Katie Couric's Dilemma: Should Perky Talker Copy Oprah or Barbara?

First Female Network News Anchor Now at Crossroads on Talk Show Format

Yahoo Contributor Network

Claiming she wants to try a TV show with more "wiggle room," Katie Couric finally announced she is quitting her post as anchorwoman of CBS News. The question is whether Couric will try to fill the vacuum created by the impending exit of talk show queen Oprah Winfrey or play mother duck to a flock of feisty females on a Barbara Walters' "View"-style chat-fest.

The blogosphere is buzzing with speculation on which path the cute and curious Couric will take as she approaches this next fork in the road of her TV career. Couric became famous as co-host of the "Today Show" and scored a stunning coup when CBS selected her to be the first female solo anchor of any major network news show. Among the highlights of her five-year stint as diva of the same news show headed by such journalistic giants as Walter Cronkite and Dan Rather was her infamous interview of then-VP candidate Sarah Palin in which Couric asked Palin what newspapers and magazines she read. The perplexed Palin not only had trouble recalling any publications by name, but also implied Couric thought people from Alaska still got their news by Pony Express.

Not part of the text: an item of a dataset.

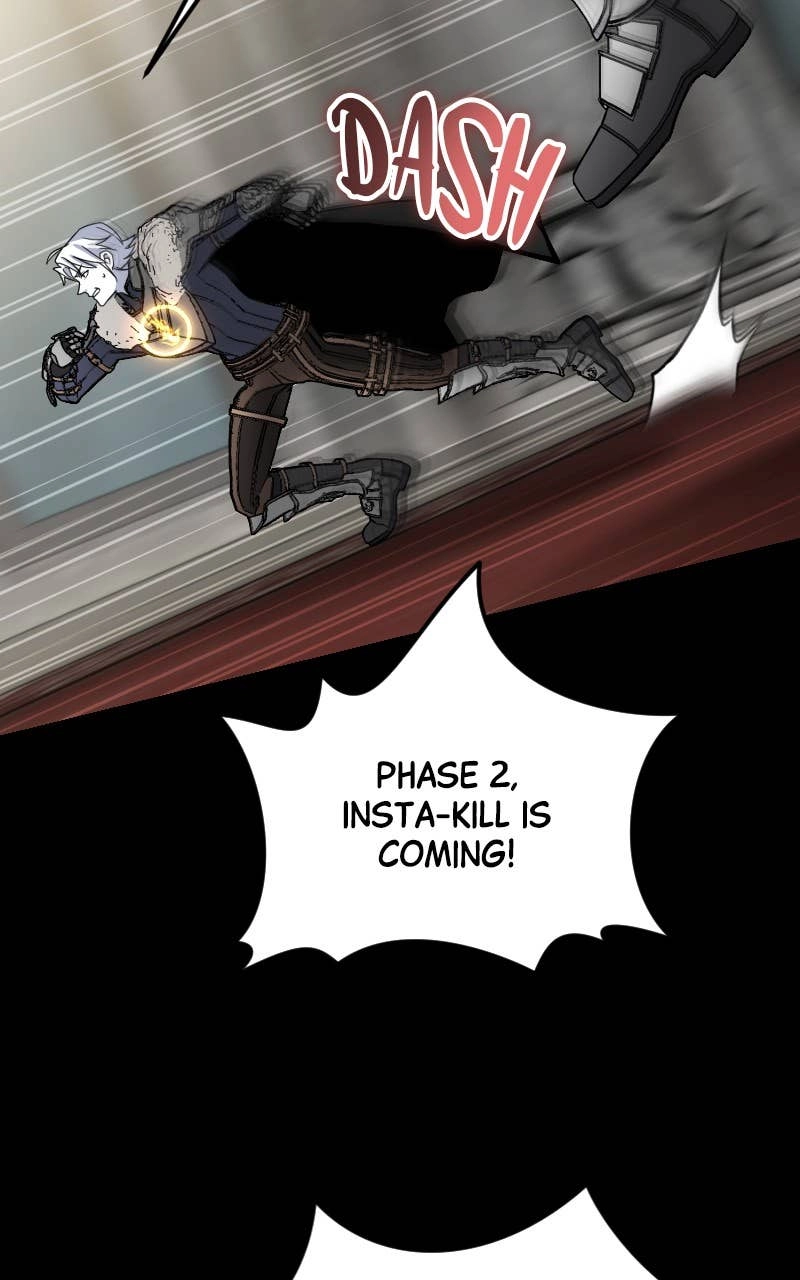The Genius Spirited Streamer Chapter 47 Page 148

In announcing her decision to step down as CBS News anchor, Couric said, "I am looking at a format that will allow me to engage in more multi-dimensional storytelling." This deliberately vague hint could mean anything from a solo talk show ala Oprah in which Couric mashes up interviews and documentary-style video to an ensemble show like that of Walters with her own campy crew of commentators.

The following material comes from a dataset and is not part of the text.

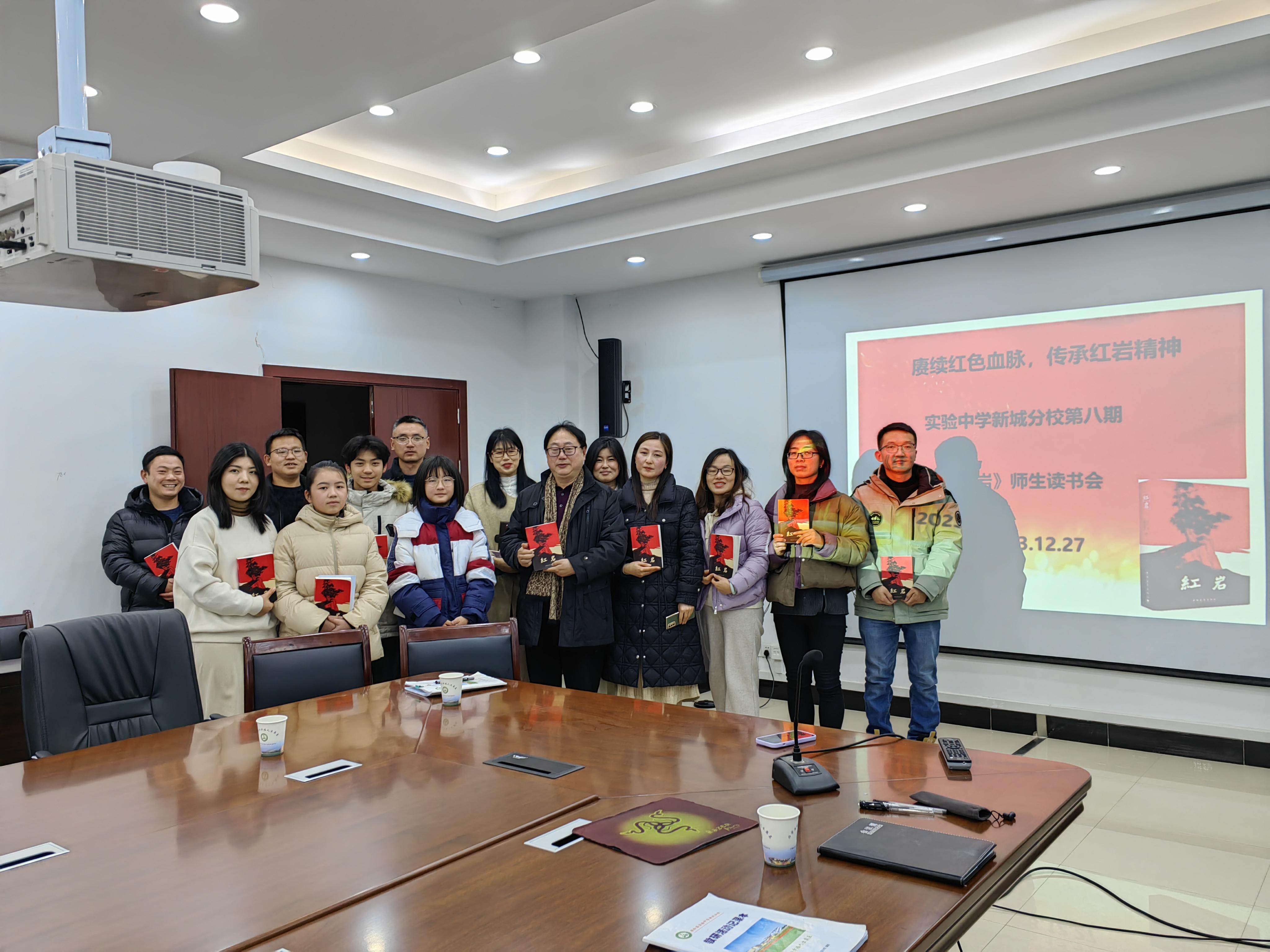 eccfd6ee5fe13acc45b88a7d6d715b5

Couric could almost guarantee her unique spin on a "View"-formatted show would garner huge ratings if she recruits bigger name co-hosts than did Barbara Walters. For instance, instead of plucking a reality TV show relic like Elisabeth Hasselbeck of "Survivor," Couric could have a daily duel with nemesis Sarah Palin, the poster girl for female conservatives. Joan Rivers would be just as opinionated as Joy Behar but would have the additional skills to critique guests' outfits and suggest possible plastic surgeries. And while it's hard to out-wow Whoopi Goldberg for humor, Wanda Sykes could give the glib Goldberg a run for her money.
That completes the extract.